Treatments We Provide: Genital Reconstruction
Conditions that obstruct or conceal the penis can be devastating to self-confidence, carry health risks, and negatively impact urination and sexual functioning. Progressive skin conditions in the genital region may lead to continued drainage, massive swelling, bleeding or pain, and can require surgery for correction.
Genital Reconstruction: Why Choose Johns Hopkins
- Our role as a referral center means we have the resources to accommodate nuanced conditions and the necessary experience to address the most dramatic requirements of genital reconstruction — and we can refer patients to sub-specialists as needed.
- We have an expert team that can successfully treat a range of conditions, including: buried penis, hydrocele, circumcision complications, scrotal webbing, hidradenitis suppurativa (inflamed or infected sweat glands), condyloma acuminatum (genital warts), and complications of failed penile enlargement surgery.

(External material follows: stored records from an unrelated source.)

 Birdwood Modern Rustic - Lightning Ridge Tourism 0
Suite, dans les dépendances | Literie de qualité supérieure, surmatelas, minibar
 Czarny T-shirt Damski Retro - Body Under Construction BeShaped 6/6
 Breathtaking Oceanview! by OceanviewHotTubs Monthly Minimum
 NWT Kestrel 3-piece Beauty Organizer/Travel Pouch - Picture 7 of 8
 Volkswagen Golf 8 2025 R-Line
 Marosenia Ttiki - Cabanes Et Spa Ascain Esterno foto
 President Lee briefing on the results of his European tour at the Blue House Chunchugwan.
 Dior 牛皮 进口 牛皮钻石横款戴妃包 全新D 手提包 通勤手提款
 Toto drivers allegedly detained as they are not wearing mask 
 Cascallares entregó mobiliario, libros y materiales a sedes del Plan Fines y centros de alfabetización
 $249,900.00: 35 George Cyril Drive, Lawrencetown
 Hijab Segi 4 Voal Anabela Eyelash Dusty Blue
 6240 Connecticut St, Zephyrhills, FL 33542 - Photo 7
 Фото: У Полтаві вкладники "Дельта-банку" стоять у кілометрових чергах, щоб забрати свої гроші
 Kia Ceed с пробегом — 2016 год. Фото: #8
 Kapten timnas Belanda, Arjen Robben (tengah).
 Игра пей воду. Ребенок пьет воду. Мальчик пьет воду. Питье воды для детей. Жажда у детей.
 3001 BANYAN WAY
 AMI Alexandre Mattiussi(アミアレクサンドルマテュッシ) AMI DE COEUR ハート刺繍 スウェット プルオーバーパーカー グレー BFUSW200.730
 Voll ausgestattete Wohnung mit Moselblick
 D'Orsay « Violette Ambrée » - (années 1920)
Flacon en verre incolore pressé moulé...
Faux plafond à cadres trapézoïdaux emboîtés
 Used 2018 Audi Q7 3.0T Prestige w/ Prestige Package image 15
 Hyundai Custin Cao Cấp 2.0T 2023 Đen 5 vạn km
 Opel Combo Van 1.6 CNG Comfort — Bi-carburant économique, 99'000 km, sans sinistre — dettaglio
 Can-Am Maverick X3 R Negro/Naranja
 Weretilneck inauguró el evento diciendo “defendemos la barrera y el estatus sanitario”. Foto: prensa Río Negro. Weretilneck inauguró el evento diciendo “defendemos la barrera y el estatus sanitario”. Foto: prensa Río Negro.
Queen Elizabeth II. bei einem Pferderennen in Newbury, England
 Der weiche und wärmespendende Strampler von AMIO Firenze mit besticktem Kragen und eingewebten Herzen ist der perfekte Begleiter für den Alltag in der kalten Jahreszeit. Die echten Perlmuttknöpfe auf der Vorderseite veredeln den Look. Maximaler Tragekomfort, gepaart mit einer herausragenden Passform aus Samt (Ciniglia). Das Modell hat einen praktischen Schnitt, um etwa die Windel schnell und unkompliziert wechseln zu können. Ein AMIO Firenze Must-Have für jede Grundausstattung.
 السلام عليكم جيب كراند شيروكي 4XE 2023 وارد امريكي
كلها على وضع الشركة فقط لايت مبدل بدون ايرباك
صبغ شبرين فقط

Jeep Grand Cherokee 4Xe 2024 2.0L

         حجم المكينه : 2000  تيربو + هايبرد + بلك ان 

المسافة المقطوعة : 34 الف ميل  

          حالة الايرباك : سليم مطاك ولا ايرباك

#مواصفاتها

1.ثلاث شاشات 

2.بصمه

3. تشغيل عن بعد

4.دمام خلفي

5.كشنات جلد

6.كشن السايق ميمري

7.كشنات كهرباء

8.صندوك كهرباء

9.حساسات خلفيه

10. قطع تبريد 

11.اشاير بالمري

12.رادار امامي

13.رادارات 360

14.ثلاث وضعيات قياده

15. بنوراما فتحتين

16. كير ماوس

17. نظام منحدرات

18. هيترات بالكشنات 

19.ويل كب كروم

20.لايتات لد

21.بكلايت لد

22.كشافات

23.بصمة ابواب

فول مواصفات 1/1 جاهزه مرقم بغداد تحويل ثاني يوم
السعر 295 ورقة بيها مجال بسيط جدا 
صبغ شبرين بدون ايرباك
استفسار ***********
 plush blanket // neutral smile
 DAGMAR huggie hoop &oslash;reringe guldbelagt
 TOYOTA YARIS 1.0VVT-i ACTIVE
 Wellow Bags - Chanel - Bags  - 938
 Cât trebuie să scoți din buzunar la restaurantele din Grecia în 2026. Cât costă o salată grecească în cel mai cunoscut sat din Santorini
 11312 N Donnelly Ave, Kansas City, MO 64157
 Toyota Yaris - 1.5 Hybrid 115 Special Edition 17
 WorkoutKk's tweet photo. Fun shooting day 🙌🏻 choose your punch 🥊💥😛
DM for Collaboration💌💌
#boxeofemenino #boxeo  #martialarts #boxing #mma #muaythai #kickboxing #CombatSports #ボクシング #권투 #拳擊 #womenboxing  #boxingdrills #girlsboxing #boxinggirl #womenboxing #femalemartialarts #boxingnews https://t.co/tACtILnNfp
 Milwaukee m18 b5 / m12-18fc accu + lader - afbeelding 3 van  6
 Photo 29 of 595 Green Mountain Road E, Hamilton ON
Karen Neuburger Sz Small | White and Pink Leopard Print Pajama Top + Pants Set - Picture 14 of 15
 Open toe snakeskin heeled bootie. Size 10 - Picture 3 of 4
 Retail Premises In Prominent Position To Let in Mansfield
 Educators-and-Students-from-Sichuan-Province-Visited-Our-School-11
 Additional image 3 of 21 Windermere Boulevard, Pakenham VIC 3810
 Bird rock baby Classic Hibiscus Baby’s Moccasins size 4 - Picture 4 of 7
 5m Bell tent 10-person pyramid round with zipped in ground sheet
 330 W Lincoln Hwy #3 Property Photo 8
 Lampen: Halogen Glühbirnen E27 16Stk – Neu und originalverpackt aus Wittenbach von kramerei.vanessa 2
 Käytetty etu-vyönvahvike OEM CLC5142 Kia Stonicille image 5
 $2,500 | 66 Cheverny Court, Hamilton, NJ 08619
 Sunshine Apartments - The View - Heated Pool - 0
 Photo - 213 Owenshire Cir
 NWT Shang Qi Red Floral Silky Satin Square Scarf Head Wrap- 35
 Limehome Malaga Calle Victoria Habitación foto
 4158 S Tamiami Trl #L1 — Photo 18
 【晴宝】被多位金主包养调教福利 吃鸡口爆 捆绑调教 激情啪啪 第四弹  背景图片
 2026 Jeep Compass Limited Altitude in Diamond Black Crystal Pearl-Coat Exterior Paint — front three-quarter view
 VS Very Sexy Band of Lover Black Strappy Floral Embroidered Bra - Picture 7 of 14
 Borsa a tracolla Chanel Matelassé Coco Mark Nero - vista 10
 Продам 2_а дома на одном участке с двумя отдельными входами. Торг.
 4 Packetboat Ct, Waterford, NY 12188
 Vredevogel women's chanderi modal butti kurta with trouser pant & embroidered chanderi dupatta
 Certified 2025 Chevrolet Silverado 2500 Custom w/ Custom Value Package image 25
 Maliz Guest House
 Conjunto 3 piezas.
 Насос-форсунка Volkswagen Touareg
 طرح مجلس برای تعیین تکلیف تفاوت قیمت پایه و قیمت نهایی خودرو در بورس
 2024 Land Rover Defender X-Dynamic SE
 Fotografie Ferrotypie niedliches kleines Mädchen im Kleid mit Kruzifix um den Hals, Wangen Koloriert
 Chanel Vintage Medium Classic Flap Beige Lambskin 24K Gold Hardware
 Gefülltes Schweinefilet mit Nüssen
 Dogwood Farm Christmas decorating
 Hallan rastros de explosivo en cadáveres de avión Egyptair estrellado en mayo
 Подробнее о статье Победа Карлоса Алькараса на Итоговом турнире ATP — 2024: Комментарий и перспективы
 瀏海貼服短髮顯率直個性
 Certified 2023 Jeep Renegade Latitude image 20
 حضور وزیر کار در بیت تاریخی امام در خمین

Genital Reconstruction Experts
Our multidisciplinary team includes experts in urology and plastic surgery who share knowledge and work together throughout every step of your care, from consultation through recovery.
What to Expect
- Your pre-surgical workup will require a physical exam and typically an imaging test such as a CT scan.
- Our surgeons have extensive experience with complex reconstructive urology and will work with you to help decide the best approach for you and your situation. The goal of any surgical option is to restore the penis so you’re able to stand to void.
- In severe cases, a skin graft to the penis may be required. The dressing for this procedure is very complex, so we will help you manage this following surgery.
- A multidisciplinary team is often required to aid in restoring both the function and appearance of the genitals. Our surgeons will collaborate with all Johns Hopkins clinicians involved in your care to ensure the most effective and efficient treatment.
- If your genital condition is a result of severe obesity and you are planning to receive bariatric surgery, that operation should be performed prior to genital reconstructive surgery.